Pleasure and Pain in Phoenix

READ FLASH FICTION STORY BELOW (about 600 words)

If pleasure and pain are two sides of the same coin, at some point, they may flip.

Some of us may consider our personal pain to be greater than others — and for some of us, it’s true. But it’s more likely all of us have experienced the limits of what we believe we can endure. Only to find we can endure more.

When Milly lost her daughter and husband to a house fire, she was certain she had reached her wit’s end. But things were just getting started. Her daily torment for remaining alive always led to the same end: She shouldn’t exist. Yet, the world outside her skull continued to agitate the torment within via a relentless reality: she did.

After crashing her car three times, losing her job and apartment and later completing a jail term for drunk driving, she was living on the streets of Phoenix as a gray-haired skeleton determined to drift into oblivion.

On another 110-degree day, she drank herself to unconsciousness. When an afternoon dust storm ripped her tent and few possessions away, she stumbled into the street amidst the blowing sand encasing her mouth, nostrils and eyes, to be hit by a blinded van pulling over to let the storm pass. The collision of metal and human ended with a thud. And relief. At least for one of those involved.

But inside the van, the horror brought upon by inadvertently smashing a derelict stranger swamped the driver, seemingly an extension of the aggravated storm pummeling everything beyond sight.
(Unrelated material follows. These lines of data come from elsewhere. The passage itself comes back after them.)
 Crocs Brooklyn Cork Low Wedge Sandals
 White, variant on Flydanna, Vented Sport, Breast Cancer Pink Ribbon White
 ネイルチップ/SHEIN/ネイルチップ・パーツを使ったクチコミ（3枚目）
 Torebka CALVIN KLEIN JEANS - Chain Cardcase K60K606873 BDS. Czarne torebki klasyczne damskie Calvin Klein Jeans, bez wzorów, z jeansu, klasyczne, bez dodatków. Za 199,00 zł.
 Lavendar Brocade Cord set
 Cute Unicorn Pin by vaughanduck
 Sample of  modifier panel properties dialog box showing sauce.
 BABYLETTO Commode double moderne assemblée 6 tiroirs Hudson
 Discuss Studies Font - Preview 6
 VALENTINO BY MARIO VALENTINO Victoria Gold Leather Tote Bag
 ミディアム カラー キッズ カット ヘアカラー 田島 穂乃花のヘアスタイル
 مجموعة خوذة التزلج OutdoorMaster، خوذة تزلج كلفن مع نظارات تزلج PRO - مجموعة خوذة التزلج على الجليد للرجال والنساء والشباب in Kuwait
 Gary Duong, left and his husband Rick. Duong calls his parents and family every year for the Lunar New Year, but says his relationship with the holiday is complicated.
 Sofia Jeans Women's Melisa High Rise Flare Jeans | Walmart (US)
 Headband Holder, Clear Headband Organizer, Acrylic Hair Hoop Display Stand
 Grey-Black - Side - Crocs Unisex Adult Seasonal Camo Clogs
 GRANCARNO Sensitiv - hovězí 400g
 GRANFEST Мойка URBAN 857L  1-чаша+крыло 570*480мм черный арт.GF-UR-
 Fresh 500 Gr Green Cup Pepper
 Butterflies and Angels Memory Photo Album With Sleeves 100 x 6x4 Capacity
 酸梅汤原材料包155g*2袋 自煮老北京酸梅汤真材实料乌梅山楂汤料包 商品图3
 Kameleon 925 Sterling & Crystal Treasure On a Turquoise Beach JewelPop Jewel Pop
Milly, in an emerging state of dilated awareness, instantly perceived the travail inside the vehicle.

But she was also disoriented while extricating herself from the mangled body blistering on the asphalt, as it accumulated shifting layers of blowing sand with each passing instant. Milly located herself as a point of sentience, an apparent nothingness, free from the body, free from the van, and free from the storm.

The releasing experience was as bewildering as the chaos of the scene. Yet there was an odd familiarity to the detachment. Like visiting a long-forgotten, childhood playground that was once a source of wonder.

In spite of her peculiar personal circumstances, she was drawn to the detonated emotion inside the vehicle. The mom was crying loudly while simultaneously trying to soothe her howling child. The back-seat girl appeared to be just a little younger than Milly’s own daughter when she succumbed to the inferno seven years earlier.

Unbounded by locked doors or any constructs of physical reality, Milly instinctually pervaded the van and embraced the mom and child in the way a cool evening breeze might caress two humans engulfed in despair. Even if she could only inspire in them a glimmer of hope against the tragedy of the moment, Milly was invigorated by the gesture of helping others more than she could ever care for herself.

First, the mom, then the child and even the storm stopped crying. Then the mom reached for her phone to call emergency services.

The mom’s poignant love for her child catalyzed in Milly a re-examination of the life represented by the sand-covered body. And if she trembled for a second at the waste of those years of self-punishment, it was immediately replaced by the unearthed endearment she always held for her own daughter.

Though still attempting to grasp this new freedom from the sand-covered remains with silver hair, such was eclipsed by the dissipation of self-hate, as it evanesced beyond, along with the diminishing sandstorm.